At the time, Mr. Flaherty announced that the government was opening up the market to more private insurers.
"These changes will result in greater choice and innovation in the market for mortgage insurance, benefiting consumers and promoting home ownership," Mr. Flaherty said.
The new rules encouraged the entry of U.S. players such as American International Group [you may know them as AIG, the outfit that got a quarter-trillion dollar bailout from Washington]- the world's largest insurance company - and Triad Guarantee Inc. of Winston-Salem, N.C. Former Triad chief executive officer Mark Tonnesen, who spearheaded his company's aborted push into Canada, said the proliferation of high-risk mortgages could have been mitigated if Ottawa had been more watchful.
"There was a lack of regulation around the expansion of increased risk," he said.'
Garth Turner warns we'll all pay the price of the Harper/Flaherty ideology over the next year or two:
"One year ago, in December 2007, I sat and wrote the book, “Greater Fool” which spelled out in detail my problem with these Canadian subprime mortgages, and predicted the outcome – a US-style real estate contagion which would sweep Canada. Unfortunately, I was right. It is now infecting every city. It will grow more virulent as the economy weakens and unemployment spreads. By the time the real estate market bottom in perhaps a year, maybe longer, values will have dropped by up to a third more."

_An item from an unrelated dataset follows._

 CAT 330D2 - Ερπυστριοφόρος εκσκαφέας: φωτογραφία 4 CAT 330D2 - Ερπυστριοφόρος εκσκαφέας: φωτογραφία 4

I have my own take on this, one honed during the years I practised bankruptcy law. I've seen this story far too many times - a newly married couple wanting to start their family, a rising real estate market, real desperation to get a house for the kids to come. With the best of intentions (who intends their own financial ruin?) they find a house that they can afford but just barely. They take the plunge hoping that the market won't falter, that neither of them will lose their job, that they'll somehow hold on until their incomes grow and their debtload lightens.
Now imagine that same young couple when a 40-year term, no down payment mortgage is dangled before their eyes. No money down, no need to wait. 40-year term, either lower but still barely affordable payments or more house. They lunge at the bait and that's just what Harper and Flaherty and their pals at AIG were counting on. Suddenly you have an overheated real estate market in which first time homebuyers are spending an estimated 78% of their combined, after tax income on servicing their mortgages. That's the figure reported by CBC for first time homebuyers in Vancouver last year.

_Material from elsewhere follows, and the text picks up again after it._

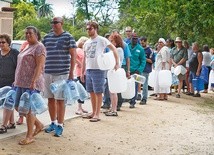 Mieszkańcy Kapsztadu w kolejce  po wodę.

I want to repeat that again. SEVENTY EIGHT PER CENT of COMBINED AFTER TAX INCOME.
And, while you may argue that these subprime borrowers got themselves into it, that they're the authors of their own misfortune, the Conservative policies that made this possible have wreaked damage that has spread throughout the real estate market.

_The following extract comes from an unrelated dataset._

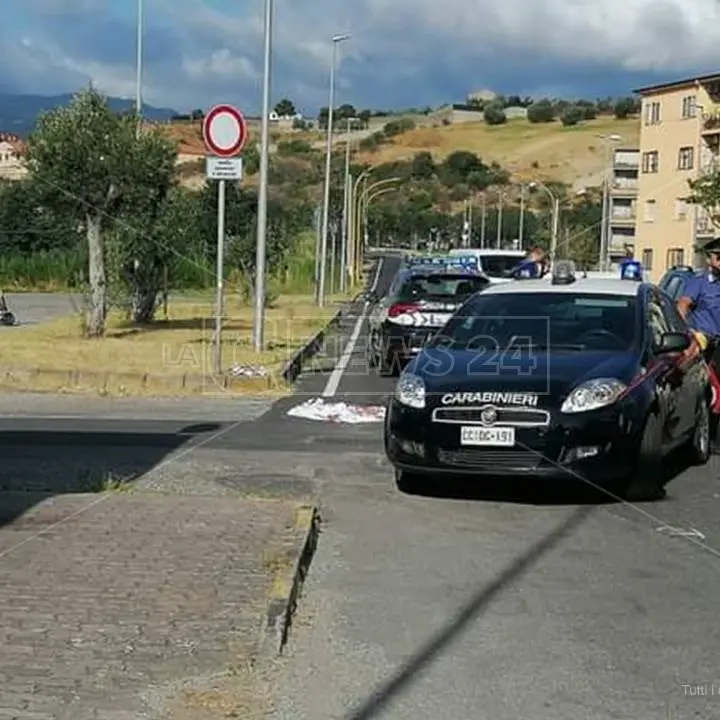 Incidente mortale a Soverato, donna di 53 anni travolta e uccisa da un'auto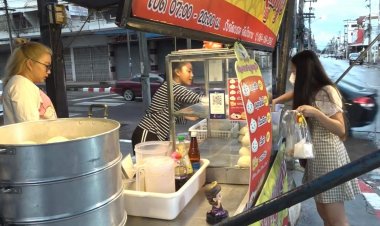 "ซาลาเปาลูกทุ่ง" ครองใจชาวขอนแก่นมากว่า 50 ปี  ไส้แน่เต็มคำสืบทอดจากรุ่นปู่ถึงรุ่นหลาน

Especially today with Republican conservative subversion of global securities/stock markets, many Canadians are seeing their retirement portfolios crater before their eyes. Now Harper/Flaherty have undermined their fallback retirement asset, their home equity. They did it in the deliberate pursuit of a mad, uber-right ideology and we're all going to pay dearly for that.
I want to be hypothetical for a minute. If Stephen Harper and Jim Flaherty had any integrity - any integrity - they would take responsibility for the havoc they have wrought on the Canadian public and they would resign not just their offices but their seats in parliament. Yet Stephen Harper is bent on doing to our constitutional structure pretty much the same thing as he's done to our real estate markets - smother it in a thick layer of his greasy ideology. The man has to be stopped and driven straight out of Ottawa before he can make our lives and our country that much worse.